For the first time in the five years Katina has known her, Anne gets drunk. Katina stays sober. At the end of the evening she drives Anne home. Anne sleeps most of the way, occasionally mumbling things Katina can’t quite make out Waking her when it’s time to go into the house, Katina is startled to hear Anne say nigger. She hates all niggers, Anne says, but especially the drunk nigger who killed Mike. Worse than that she hates the Jew lawyer who’ll probably get him off. America would be better if the blacks had stayed slaves, Anne says, just as the world would be better if Hitler had succeeded. Every time she has to be near a black or a Jew, Anne says, she has to fight the urge to vomit; she’d fire every minority working in the dealership if she could get away with it.
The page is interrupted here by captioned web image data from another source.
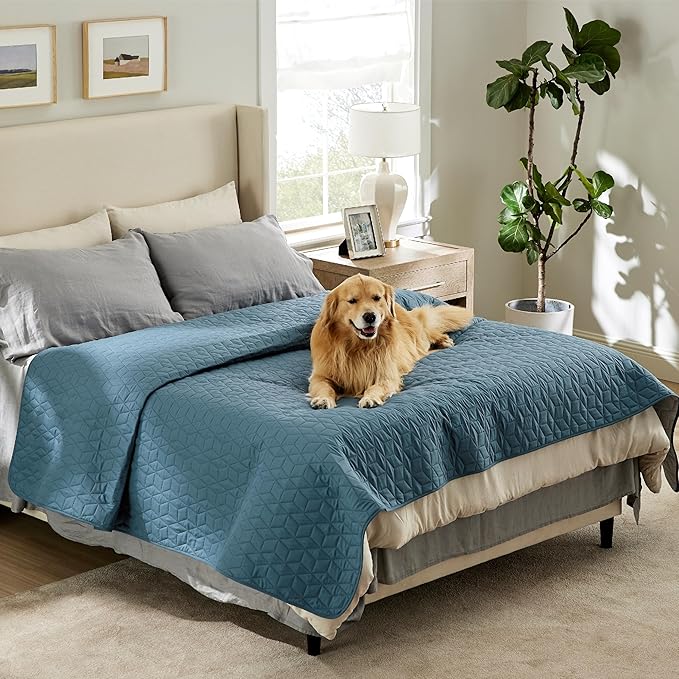 Bedsure 100% Waterproof Bed Cover for Dogs Washable - Non Slip Waterproof Dog Blanket for Bed, Lightweight Furniture Protector Durable for Pet Cat Puppy with Non-Slip Bottom, Blue, 82x102IN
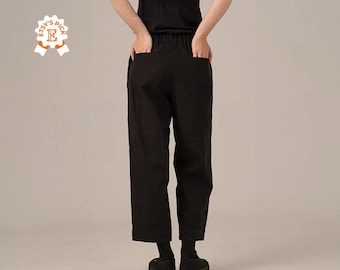 Minimalist Loose Leg Trousers, Baggy Cropped Balloon Pants, Black Japanese Style Gaucho Pants, Relaxed Fit Summer Pants with Pleats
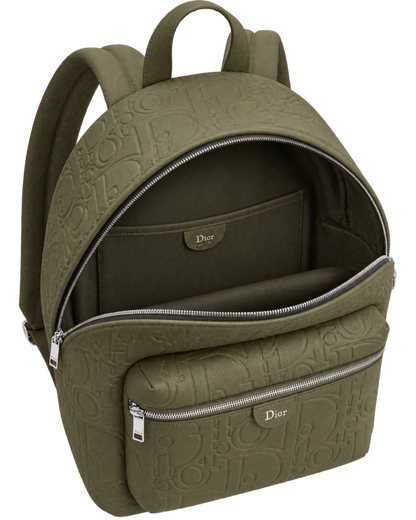 Dior Rider Zipped Backpack Khaki Dior Gravity Grained Leather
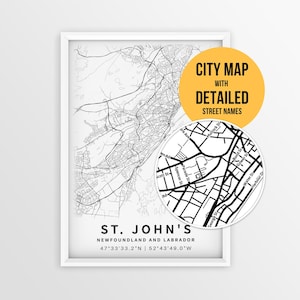 St. John's Newfoundland Map with Street Names, Printable St. John's Canada City Poster (Instant Download)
For obvious reasons Katina is repelled by this. She’s also shocked. Anne has never given any hint of being prejudiced before – much less of being filled with bile and hatred to the degree that she’s just shown. Shaken, she helps Anne into her house, drops her on her stomach on the sofa so she won’t choke if she vomits, and leaves.
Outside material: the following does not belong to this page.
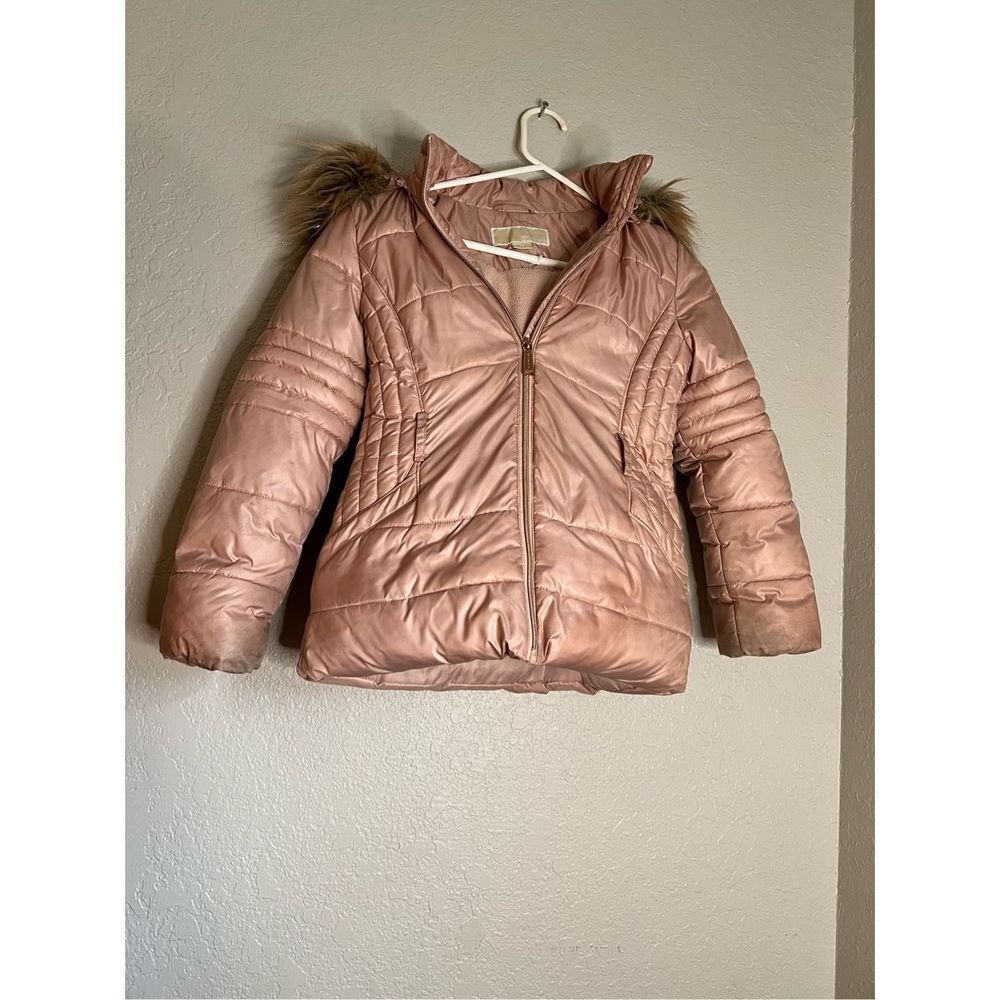 MICHAEL KORS Rose Gold Stadium Length Puffer Jacket 7/8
The next morning, Katina’s father asks to talk to her. Mike’s death has shaken him; he doesn’t want to spend any more time working, so he’s going to go ahead and retire. Katina going to be in charge of the entire chain now, which means that she’ll need to pick the new general manager and sales director for her shop.

Should Katina promote Anne as she was planning before the drunken ramblings? Why or why not?
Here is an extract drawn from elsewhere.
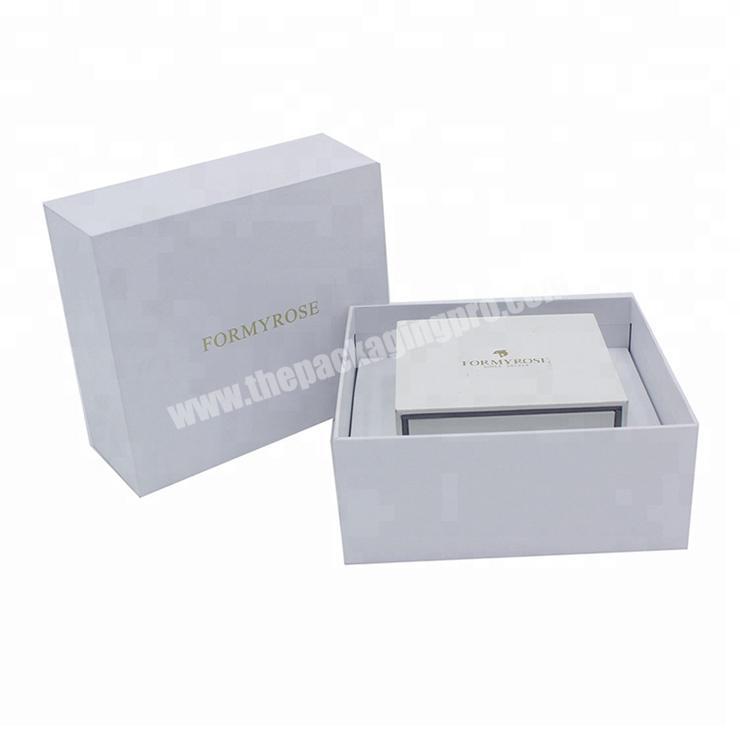 Wholesale cheap custom size high quality square top and bottom white packaging gift cardboard box luxury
I’d ignore it. She was intoxicated, grieving and in the moment of a very stressful situation. It doesn’t excuse it, but it mitigates it in my opinion. How she reacted when she learned of what she’d done would determine the outcome of her promotion. (and of course, how genuine her remorse was if she expressed any)

Same here, Morgenstern. It’s a really awful thing to say but people can be racist and work to overcome those prejudices…but when you’re drunk/emotional, sometimes that stuff comes out. And I agree with looking at her reaction to what she did.

What if she doesn’t acknowledge what happened? What if she affects not to remember the incident?

Those are not rhetorical questions, by the way. I hardly ever get drunk so I can’t say how likely it is from my own knowledge, but if she got really, really drunk, would you believe her if she said she didn’t recall the incident?

She should be promoted (or passed over) strictly based on her job performance. Her drunken ramblings, no matter how repulsive, should not enter into the equation.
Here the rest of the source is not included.